Nadie tiene respuestas ante estas preguntas, pero bien podrían cambiar los hábitos de consumo y de endeudamiento de una buena parte de la sociedad.
Por otro lado, hasta el momento solo hemos hablado de la creación de medios de pago que se deriva de la actividad del sector privado, pero el sector público es un demandante de crédito vigoroso que tiene de su mano a los bancos centrales para proporcionarle la financiación necesaria.
Cuando el Banco Central Europeo monetiza deuda de los países europeos, está creando nuevos medios de pago que se transmiten a la sociedad a través del gasto público. Sin embargo, la famosa regla de gasto, que impide a los países gastar sustancialmente por encima de sus ingresos, previene a los estados de generar un crecimiento de los medios de pago desproporcionado a través del endeudamiento público. Su gasto viene acotado por sus ingresos; la idea de un endeudamiento ad infinitum es solo un sueño húmedo para los políticos europeos manirrotos. O, dicho de otra manera, tener euros es un voto de confianza hacia la Unión Europea y su capacidad de administrar dosis de rectitud a los países con mayor tendencia al déficit. En fin, tener euros es útil y estrictamente necesario para pagar nuestros gastos corrientes, pero, como inversión, en el mejor de los casos, consiste en aceptar que se va a perder el 2% de poder adquisitivo anual a través de la inflación.

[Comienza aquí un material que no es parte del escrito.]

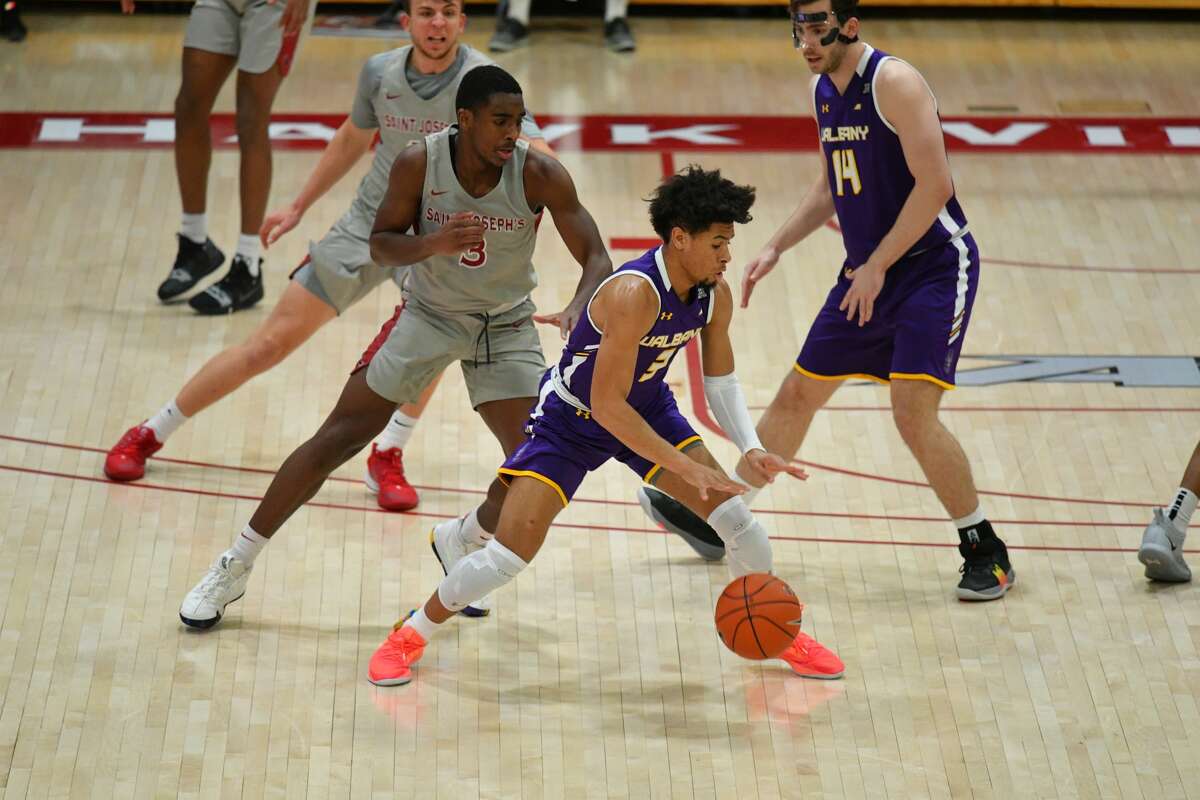 UAlbany guard JoJo Anderson looks for room against St. Joseph's defense Saturday in a 67-64 loss.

De la misma manera, un bono a 10 años es un voto de confianza con un plazo mucho mayor, pues no debemos olvidar que lo que recibiremos a su terminación es un montón de euros que, descontados por la inflación, no tienen por qué tener el mismo valor en términos reales que tienen hoy. Teniendo en cuenta que la mayoría de bonos europeos cotiza en tipos negativos en la mayor parte de los casos y que a ese detrimento de valor nominal hay que sumarle la pérdida de valor real por la inflación, no debemos tener dudas al respecto: la inversión en este tipo de activos es, en términos de Benjamin Graham, meramente especulativa, es una apuesta a que los tipos de interés, manipulados por el banco central, pueden caer un poco más, pudiendo desprendernos del activo a un precio mayor.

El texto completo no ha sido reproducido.